[WHAT THE TASK ASKS]
Beginning with the line containing "tiempo libre 👔", give every line again exactly as it is, ending with the last line of the entries.
=== RECORDS FOR PROCESSING ===
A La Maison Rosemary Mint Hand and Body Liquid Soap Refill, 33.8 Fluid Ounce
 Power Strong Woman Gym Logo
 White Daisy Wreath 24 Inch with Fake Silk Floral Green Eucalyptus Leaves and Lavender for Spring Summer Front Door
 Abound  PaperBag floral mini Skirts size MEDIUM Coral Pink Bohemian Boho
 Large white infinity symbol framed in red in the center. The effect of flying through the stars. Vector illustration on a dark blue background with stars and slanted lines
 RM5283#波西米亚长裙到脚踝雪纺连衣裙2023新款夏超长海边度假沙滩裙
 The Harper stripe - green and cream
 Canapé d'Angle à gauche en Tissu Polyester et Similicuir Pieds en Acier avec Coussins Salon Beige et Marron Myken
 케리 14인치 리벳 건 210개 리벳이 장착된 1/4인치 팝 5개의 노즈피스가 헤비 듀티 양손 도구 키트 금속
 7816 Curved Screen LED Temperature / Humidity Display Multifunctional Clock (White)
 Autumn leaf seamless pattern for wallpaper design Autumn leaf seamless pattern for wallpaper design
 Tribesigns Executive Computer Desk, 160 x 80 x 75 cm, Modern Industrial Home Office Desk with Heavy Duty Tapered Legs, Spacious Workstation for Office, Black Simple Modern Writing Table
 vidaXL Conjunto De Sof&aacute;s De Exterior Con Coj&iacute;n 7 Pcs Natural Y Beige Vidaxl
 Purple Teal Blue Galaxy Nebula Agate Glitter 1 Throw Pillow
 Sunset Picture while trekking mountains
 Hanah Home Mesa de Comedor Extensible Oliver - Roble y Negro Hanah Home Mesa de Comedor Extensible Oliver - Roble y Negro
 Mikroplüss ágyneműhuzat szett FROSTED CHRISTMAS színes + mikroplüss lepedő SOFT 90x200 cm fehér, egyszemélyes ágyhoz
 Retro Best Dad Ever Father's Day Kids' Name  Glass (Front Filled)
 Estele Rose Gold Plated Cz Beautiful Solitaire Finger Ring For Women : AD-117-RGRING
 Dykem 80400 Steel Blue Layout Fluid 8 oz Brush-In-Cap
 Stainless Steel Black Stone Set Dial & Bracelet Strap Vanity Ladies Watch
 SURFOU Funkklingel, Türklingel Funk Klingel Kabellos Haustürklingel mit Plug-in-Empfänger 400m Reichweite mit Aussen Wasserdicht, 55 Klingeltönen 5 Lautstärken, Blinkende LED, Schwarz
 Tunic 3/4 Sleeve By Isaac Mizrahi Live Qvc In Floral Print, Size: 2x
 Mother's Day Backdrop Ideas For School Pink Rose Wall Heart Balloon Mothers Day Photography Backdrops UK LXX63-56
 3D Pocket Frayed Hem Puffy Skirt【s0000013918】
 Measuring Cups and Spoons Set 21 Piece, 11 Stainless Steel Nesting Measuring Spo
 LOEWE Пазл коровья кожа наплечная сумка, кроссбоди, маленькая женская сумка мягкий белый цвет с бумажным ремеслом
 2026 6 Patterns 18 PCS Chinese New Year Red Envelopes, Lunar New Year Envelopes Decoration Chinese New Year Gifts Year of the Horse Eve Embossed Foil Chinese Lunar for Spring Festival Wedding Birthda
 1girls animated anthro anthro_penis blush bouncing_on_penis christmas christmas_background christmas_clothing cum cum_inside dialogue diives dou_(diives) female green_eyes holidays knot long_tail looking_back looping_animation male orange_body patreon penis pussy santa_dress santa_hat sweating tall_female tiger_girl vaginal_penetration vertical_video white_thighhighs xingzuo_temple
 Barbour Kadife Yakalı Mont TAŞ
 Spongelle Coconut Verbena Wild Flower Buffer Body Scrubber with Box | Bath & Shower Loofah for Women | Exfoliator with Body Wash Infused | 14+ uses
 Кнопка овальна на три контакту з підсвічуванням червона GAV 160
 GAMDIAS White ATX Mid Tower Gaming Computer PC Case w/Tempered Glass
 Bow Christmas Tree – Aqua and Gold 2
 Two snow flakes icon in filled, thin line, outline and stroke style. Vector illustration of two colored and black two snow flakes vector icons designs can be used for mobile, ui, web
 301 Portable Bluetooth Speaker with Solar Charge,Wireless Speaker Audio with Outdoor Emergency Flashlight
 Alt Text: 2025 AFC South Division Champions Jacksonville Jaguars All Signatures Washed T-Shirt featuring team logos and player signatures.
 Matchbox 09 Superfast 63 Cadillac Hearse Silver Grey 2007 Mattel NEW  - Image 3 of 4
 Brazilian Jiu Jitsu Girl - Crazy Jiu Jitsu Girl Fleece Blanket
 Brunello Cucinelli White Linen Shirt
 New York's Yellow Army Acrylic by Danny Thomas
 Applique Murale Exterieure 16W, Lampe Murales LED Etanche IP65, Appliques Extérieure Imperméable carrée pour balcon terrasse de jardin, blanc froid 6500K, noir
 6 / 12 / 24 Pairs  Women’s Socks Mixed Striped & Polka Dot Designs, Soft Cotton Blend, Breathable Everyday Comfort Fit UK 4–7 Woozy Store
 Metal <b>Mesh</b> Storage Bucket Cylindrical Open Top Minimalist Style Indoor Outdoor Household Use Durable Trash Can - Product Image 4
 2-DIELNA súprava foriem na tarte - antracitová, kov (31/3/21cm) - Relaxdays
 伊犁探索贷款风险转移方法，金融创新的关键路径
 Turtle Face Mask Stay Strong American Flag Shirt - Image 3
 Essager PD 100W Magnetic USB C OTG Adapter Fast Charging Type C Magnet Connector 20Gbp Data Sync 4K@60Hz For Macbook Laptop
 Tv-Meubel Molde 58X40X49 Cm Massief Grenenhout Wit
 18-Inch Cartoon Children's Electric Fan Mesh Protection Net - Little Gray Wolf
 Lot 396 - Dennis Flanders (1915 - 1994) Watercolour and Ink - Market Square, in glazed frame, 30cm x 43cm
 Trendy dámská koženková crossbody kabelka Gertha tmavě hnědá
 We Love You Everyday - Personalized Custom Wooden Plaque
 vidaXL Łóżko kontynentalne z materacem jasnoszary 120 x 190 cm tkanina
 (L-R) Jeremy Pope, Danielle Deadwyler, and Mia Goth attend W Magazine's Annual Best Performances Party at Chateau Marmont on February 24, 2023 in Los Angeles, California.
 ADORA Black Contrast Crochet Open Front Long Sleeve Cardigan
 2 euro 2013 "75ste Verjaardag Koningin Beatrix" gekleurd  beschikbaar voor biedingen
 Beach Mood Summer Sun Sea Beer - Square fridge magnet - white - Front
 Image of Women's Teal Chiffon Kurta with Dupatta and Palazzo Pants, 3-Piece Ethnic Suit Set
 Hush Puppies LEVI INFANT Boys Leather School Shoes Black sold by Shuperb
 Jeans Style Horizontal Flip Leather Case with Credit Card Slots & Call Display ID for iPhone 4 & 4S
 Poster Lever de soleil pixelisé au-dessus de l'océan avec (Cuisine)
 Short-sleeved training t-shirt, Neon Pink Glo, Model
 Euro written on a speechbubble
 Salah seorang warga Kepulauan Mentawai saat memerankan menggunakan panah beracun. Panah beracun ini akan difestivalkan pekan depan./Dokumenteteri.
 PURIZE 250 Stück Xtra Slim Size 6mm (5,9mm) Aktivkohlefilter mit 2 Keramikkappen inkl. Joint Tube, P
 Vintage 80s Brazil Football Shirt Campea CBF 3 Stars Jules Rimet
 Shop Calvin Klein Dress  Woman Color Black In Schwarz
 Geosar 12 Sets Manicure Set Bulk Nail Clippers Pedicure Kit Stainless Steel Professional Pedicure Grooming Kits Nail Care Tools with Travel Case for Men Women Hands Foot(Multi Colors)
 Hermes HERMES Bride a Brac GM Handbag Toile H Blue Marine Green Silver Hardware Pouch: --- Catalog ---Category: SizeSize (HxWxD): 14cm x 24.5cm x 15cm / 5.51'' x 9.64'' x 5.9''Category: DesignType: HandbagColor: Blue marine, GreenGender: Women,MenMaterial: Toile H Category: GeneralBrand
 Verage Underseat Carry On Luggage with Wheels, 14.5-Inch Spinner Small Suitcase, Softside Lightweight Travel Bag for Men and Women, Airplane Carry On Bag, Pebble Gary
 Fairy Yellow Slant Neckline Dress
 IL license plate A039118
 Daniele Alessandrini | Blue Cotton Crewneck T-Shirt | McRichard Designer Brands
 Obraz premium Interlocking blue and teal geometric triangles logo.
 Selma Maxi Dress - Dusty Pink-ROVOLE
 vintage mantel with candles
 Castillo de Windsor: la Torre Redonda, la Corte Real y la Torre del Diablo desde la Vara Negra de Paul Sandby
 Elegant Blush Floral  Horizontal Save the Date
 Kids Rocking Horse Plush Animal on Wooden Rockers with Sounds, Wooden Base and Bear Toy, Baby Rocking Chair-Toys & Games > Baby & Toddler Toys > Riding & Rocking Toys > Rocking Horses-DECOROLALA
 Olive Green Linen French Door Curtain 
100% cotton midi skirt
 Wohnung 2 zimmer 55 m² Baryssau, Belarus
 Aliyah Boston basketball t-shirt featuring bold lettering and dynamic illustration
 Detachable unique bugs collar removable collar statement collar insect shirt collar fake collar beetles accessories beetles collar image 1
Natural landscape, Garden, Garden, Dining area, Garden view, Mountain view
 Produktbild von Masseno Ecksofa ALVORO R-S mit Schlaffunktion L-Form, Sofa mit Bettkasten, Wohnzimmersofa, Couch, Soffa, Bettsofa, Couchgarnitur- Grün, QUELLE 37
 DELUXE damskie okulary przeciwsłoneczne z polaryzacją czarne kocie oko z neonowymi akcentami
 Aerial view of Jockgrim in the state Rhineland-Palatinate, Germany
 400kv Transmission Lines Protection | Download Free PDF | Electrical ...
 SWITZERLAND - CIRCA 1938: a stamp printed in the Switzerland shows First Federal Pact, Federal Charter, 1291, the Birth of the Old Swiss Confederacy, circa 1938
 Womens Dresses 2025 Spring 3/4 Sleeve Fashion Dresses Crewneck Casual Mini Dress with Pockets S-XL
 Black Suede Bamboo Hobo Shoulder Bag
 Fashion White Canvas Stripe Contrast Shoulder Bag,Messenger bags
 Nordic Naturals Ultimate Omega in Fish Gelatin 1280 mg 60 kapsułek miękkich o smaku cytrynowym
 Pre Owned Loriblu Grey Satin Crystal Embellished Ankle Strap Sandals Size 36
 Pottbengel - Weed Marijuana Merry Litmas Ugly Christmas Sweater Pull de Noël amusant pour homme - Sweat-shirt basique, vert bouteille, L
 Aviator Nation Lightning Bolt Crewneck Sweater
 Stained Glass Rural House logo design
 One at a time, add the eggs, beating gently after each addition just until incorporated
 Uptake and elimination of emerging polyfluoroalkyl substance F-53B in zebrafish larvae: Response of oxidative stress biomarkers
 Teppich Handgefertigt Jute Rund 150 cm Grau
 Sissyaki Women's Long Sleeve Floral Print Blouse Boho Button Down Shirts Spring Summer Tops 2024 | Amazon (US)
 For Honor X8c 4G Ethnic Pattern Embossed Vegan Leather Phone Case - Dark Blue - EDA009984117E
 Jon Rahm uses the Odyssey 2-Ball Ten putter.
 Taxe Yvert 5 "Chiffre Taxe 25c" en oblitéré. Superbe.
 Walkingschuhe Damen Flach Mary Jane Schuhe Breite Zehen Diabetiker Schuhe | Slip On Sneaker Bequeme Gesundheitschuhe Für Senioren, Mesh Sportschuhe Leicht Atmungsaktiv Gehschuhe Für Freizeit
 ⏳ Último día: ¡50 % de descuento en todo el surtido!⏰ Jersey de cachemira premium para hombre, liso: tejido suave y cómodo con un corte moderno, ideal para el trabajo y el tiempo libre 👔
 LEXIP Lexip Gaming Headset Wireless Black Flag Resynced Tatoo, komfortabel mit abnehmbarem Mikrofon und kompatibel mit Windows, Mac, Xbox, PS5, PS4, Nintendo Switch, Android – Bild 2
===
[TASK SOLUTION]
 ⏳ Último día: ¡50 % de descuento en todo el surtido!⏰ Jersey de cachemira premium para hombre, liso: tejido suave y cómodo con un corte moderno, ideal para el trabajo y el tiempo libre 👔
 LEXIP Lexip Gaming Headset Wireless Black Flag Resynced Tatoo, komfortabel mit abnehmbarem Mikrofon und kompatibel mit Windows, Mac, Xbox, PS5, PS4, Nintendo Switch, Android – Bild 2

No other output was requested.